[Required work]: From the material below, set down exactly the lines that run from the one containing "x Cupressocyparis leylandii" to the one containing "Red Australian Labradoodle", minus the pictures.

[Data to examine]:
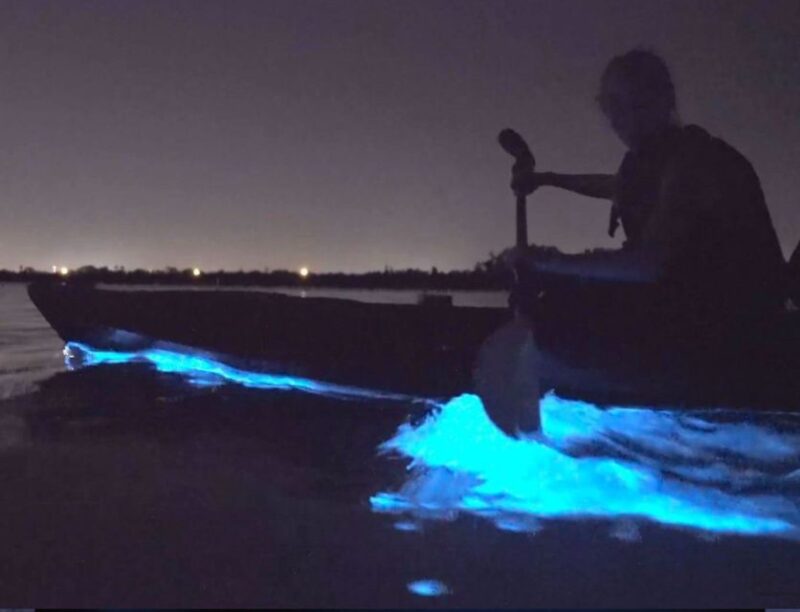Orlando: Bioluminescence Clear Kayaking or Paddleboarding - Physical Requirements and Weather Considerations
--
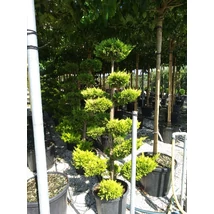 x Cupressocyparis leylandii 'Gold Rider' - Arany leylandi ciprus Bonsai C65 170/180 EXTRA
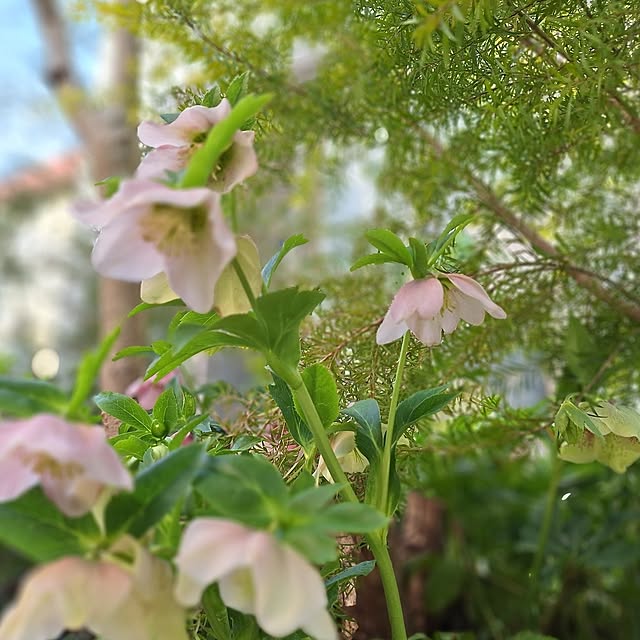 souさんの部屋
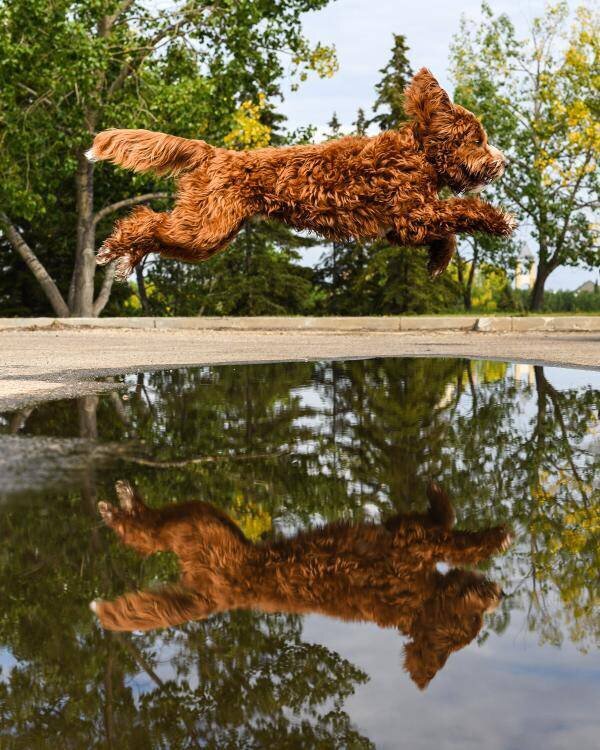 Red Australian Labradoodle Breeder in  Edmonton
--
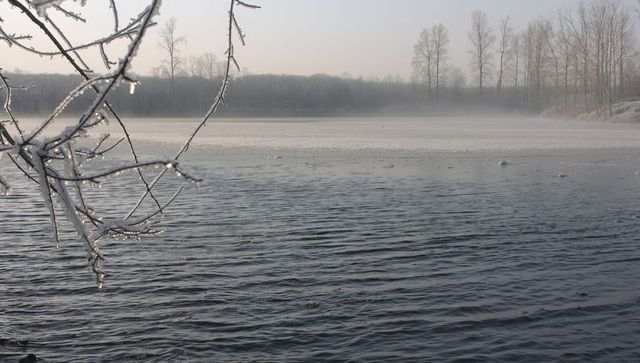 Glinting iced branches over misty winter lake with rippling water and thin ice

[Output below]:
 x Cupressocyparis leylandii 'Gold Rider' - Arany leylandi ciprus Bonsai C65 170/180 EXTRA
 souさんの部屋
 Red Australian Labradoodle Breeder in  Edmonton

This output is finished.